「初めて「僕の映画」と思える作品に出会った」6才のボクが、大人になるまで。 エミール・ゾラさんの映画レビュー(感想・評価)
初めて「僕の映画」と思える作品に出会った
映画を観る前は、もっと深い、ズシリとくる感動が待ってるんだろう、と密かに期待していた。しかし、いざ映画を観てみれば起承転結の起も承も転も結もないような映画で、なんだこれはと衝撃を受けた。もちろん、悪い意味ではない。

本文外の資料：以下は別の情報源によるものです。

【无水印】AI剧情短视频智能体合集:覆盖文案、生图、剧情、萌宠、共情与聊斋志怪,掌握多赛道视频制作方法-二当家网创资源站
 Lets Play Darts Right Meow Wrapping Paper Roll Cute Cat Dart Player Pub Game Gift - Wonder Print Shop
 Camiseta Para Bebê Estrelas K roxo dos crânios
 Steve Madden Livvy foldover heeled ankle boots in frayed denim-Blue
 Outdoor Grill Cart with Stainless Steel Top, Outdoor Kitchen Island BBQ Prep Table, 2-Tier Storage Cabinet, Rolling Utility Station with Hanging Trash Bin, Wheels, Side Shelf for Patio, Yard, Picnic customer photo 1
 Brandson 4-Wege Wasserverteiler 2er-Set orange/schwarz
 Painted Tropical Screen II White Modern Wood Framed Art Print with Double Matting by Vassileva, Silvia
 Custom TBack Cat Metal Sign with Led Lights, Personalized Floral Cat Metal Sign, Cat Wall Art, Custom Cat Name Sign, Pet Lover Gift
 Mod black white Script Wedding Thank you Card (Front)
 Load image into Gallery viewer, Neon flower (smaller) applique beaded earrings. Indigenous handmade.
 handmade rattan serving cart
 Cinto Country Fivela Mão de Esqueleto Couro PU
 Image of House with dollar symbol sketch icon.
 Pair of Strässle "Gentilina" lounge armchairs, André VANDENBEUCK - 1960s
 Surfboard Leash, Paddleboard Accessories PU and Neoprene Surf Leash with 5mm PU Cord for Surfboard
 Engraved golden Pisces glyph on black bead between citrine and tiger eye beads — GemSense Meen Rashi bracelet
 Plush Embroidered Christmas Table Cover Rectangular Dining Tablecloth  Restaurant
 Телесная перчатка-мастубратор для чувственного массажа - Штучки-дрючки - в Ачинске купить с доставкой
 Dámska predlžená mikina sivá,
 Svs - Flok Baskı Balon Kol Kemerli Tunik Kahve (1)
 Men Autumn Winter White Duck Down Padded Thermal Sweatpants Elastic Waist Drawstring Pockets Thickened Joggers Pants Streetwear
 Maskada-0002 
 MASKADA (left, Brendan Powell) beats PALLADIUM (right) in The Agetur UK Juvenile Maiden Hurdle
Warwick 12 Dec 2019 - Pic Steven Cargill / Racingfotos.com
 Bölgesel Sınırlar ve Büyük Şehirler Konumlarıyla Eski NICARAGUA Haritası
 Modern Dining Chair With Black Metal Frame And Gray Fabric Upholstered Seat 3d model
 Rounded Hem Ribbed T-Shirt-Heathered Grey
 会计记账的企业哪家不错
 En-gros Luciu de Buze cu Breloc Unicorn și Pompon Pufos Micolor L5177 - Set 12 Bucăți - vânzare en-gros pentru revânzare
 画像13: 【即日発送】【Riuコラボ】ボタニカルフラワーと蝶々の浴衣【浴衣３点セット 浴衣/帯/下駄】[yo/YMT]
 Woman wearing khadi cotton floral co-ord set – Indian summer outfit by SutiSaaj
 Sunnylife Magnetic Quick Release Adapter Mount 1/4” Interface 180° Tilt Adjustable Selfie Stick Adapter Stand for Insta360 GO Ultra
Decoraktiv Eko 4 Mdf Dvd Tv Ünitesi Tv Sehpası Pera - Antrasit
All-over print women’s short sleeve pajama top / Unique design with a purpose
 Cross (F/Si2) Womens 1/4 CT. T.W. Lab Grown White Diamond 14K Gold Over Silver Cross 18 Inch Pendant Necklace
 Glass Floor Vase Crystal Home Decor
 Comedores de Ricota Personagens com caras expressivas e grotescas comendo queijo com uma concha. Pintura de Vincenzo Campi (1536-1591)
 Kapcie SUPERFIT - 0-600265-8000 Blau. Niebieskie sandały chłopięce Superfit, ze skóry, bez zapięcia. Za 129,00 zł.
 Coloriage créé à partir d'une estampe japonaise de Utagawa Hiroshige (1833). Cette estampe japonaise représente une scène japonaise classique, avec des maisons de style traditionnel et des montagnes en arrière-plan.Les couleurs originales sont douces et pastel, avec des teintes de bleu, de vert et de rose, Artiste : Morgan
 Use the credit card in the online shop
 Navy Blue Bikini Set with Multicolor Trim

そこにあったのは、起承転結に溢れた「映画的」人生ではなく、実際に12年の歳月を経て描かれたあまりにもリアルな、生々しい人生。あまりにも淡々と、静かに時間が過ぎていく。だからこそ、彼ら4人の家族は本物だった。
そしてなにより僕が感銘を受けたのが、映画の中の主人公が自分と「同世代」ということ。冒頭の彼は6才、時代としては9.11から間もない2002年。そして12年後の2014年、彼は大学生になる。自分とまったく一緒。しかし彼と僕の人生は似ても似つかない。親の離婚もないし、居を転々とし、友達との出会いと別れを繰り返してきたわけではない。しかし、彼が自分とまったくの同い年なんだという事実だけで、僕はどうしようもなく彼に仲間意識を抱いてしまった。彼が過ごした12年と、僕が過ごした12年、どちらも同じだけのかけがえのない時間が詰まっているんだと、そう感じた。親世代の人が観ると、我が子の成長やらを思い出すだろう。きっとそういう人は多い。同世代の僕からすればこれは自分があの時どうしてたかな、とかこんなことがあったなぁ、とか、一種の回想録のような感覚だった。間違いない、これは「僕の映画」だ、そう思えた。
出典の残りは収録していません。